▶ [INFORMATION SUPPLIED]:
==*==

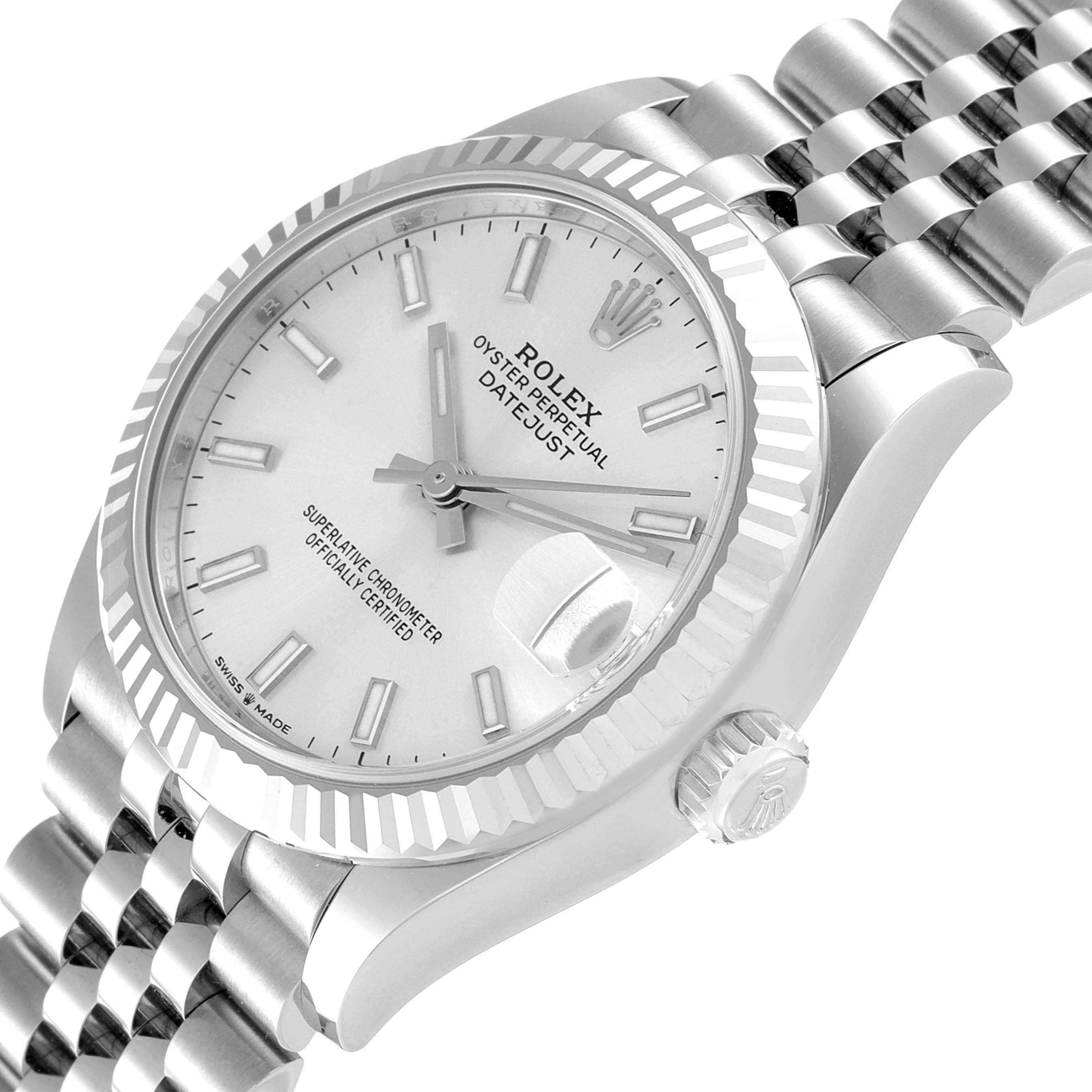 The image shows a Rolex Mid-Size 278274 Women
s Stainless Steel Silver Dial 278274 Women
s Stainless Steel Silver Dial Datejust watch at a slight side angle, highlighting the dial, bezel, crown, and part of the bracelet.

==*==

▶ [PROBLEM DETAILS]: Leave the images out as you retype each line of the material exactly.

▶ [ANSWER SPACE]:
 The image shows a Rolex Mid-Size 278274 Women
s Stainless Steel Silver Dial 278274 Women
s Stainless Steel Silver Dial Datejust watch at a slight side angle, highlighting the dial, bezel, crown, and part of the bracelet.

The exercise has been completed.